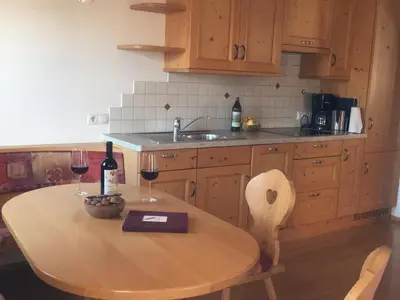 a kitchen with a wooden table with two glasses of wine at Lafreiderhof in Castelrotto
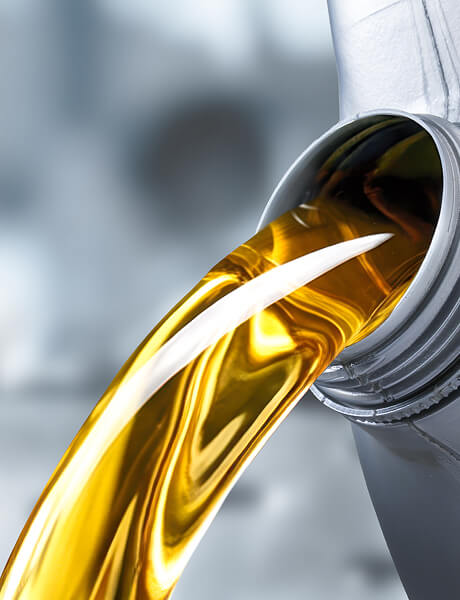 Close-up of golden oil pouring from a metal spout in an industrial setting.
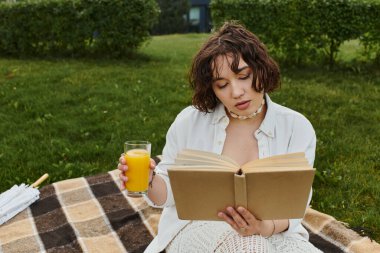 Beyaz gömlekli genç bir kadın piknik battaniyesinde rahatlıyor, kitap okurken içkinin tadını çıkarıyor..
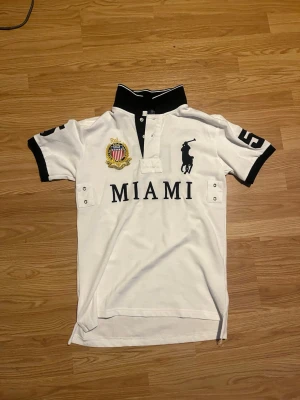 Vit Polo Ralph Lauren Miami t-shirt - Vit t-shirt från Polo Ralph Lauren med svart krage och detaljer. Stor MIAMI-text framtill, broderad patch och klassiska polospelaren-loggan. Kortärmad modell med knappar vid halsen och kontrastfärgade muddar. Perfekt för en sportig och stilren look.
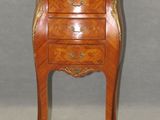 an image of a small chest of drawers with a marble top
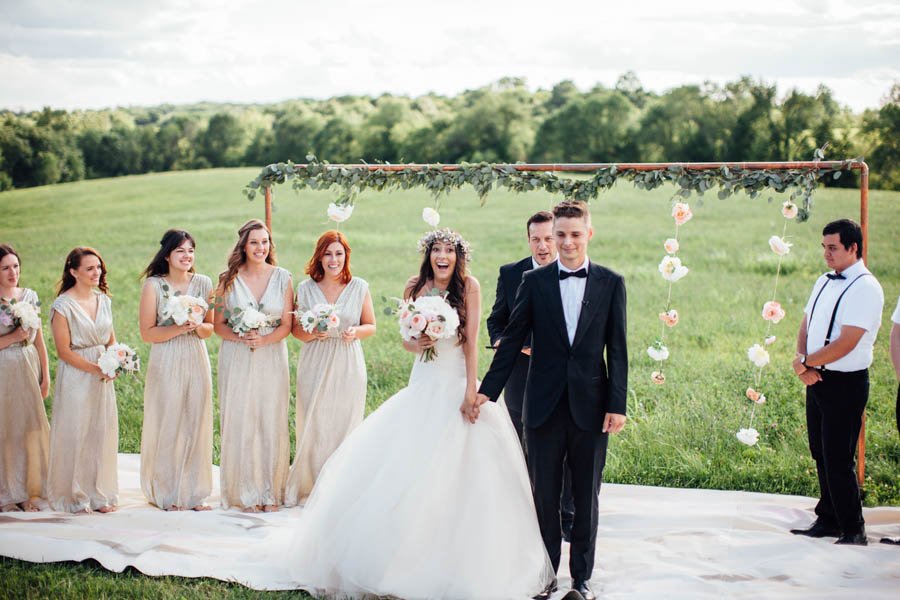 A bride and groom holding hands during an outdoor wedding ceremony on a grassy field, with bridesmaids and groomsmen standing nearby under a decorated arch with flowers and greenery.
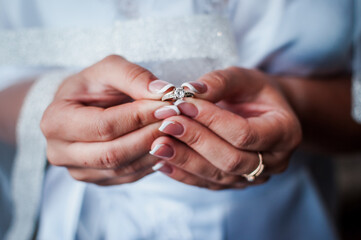 the bride holds a gold ring in her hands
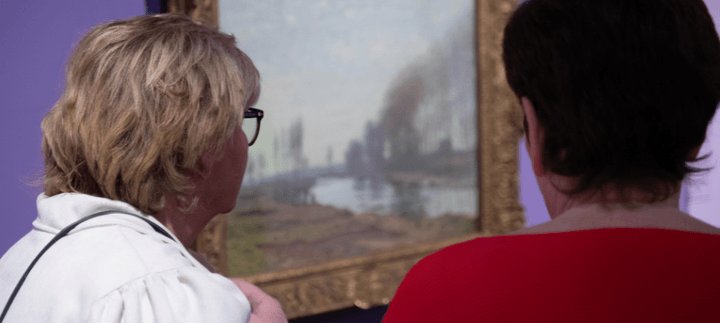 Two people viewing the Monet artwork
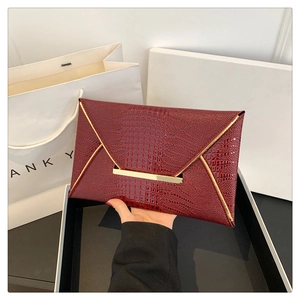 Dettaglio della pochette a busta bordeaux con finiture dorate e trama a coccodrillo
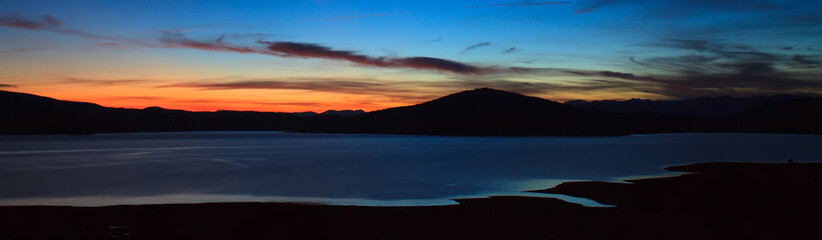 twilight panorama from high mountain lake, abstract nature background 
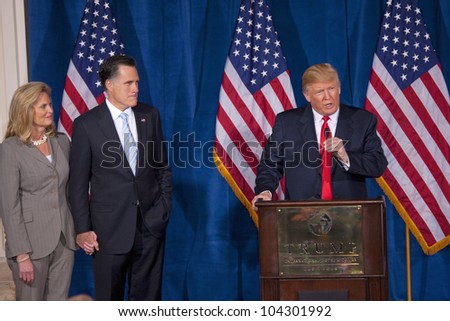 LAS VEGAS - FEB 2: Donald Trump (C) endorses Mitt Romney (2nd-L) for president as he listens with his wife, Ann Romney, at Trump\'s hotel on February 2, 2012 in Las Vegas, Nevada.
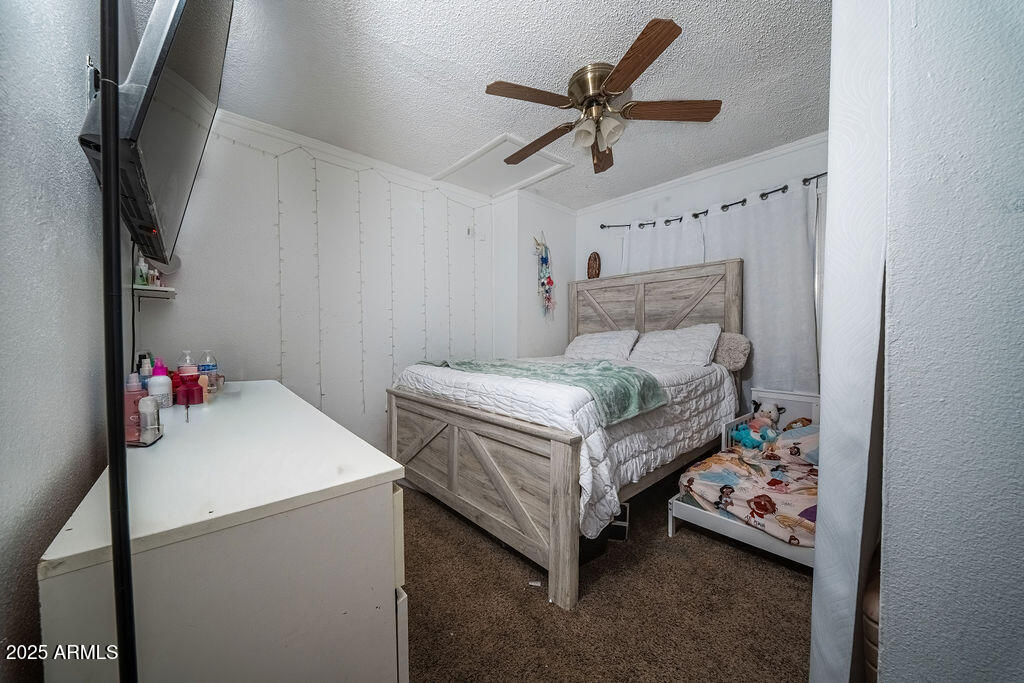4233 North 68th Avenue Phoenix, AZ 85033 - Photo 6 of 11 a bed room with a bed and a chandelier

*Work item*
With the images left out, output all the entries above exactly.

*Exercise solution*
 a kitchen with a wooden table with two glasses of wine at Lafreiderhof in Castelrotto
 Close-up of golden oil pouring from a metal spout in an industrial setting.
 Beyaz gömlekli genç bir kadın piknik battaniyesinde rahatlıyor, kitap okurken içkinin tadını çıkarıyor..
 Vit Polo Ralph Lauren Miami t-shirt - Vit t-shirt från Polo Ralph Lauren med svart krage och detaljer. Stor MIAMI-text framtill, broderad patch och klassiska polospelaren-loggan. Kortärmad modell med knappar vid halsen och kontrastfärgade muddar. Perfekt för en sportig och stilren look.
 an image of a small chest of drawers with a marble top
 A bride and groom holding hands during an outdoor wedding ceremony on a grassy field, with bridesmaids and groomsmen standing nearby under a decorated arch with flowers and greenery.
 the bride holds a gold ring in her hands
 Two people viewing the Monet artwork
 Dettaglio della pochette a busta bordeaux con finiture dorate e trama a coccodrillo
 twilight panorama from high mountain lake, abstract nature background 
 LAS VEGAS - FEB 2: Donald Trump (C) endorses Mitt Romney (2nd-L) for president as he listens with his wife, Ann Romney, at Trump\'s hotel on February 2, 2012 in Las Vegas, Nevada.
4233 North 68th Avenue Phoenix, AZ 85033 - Photo 6 of 11 a bed room with a bed and a chandelier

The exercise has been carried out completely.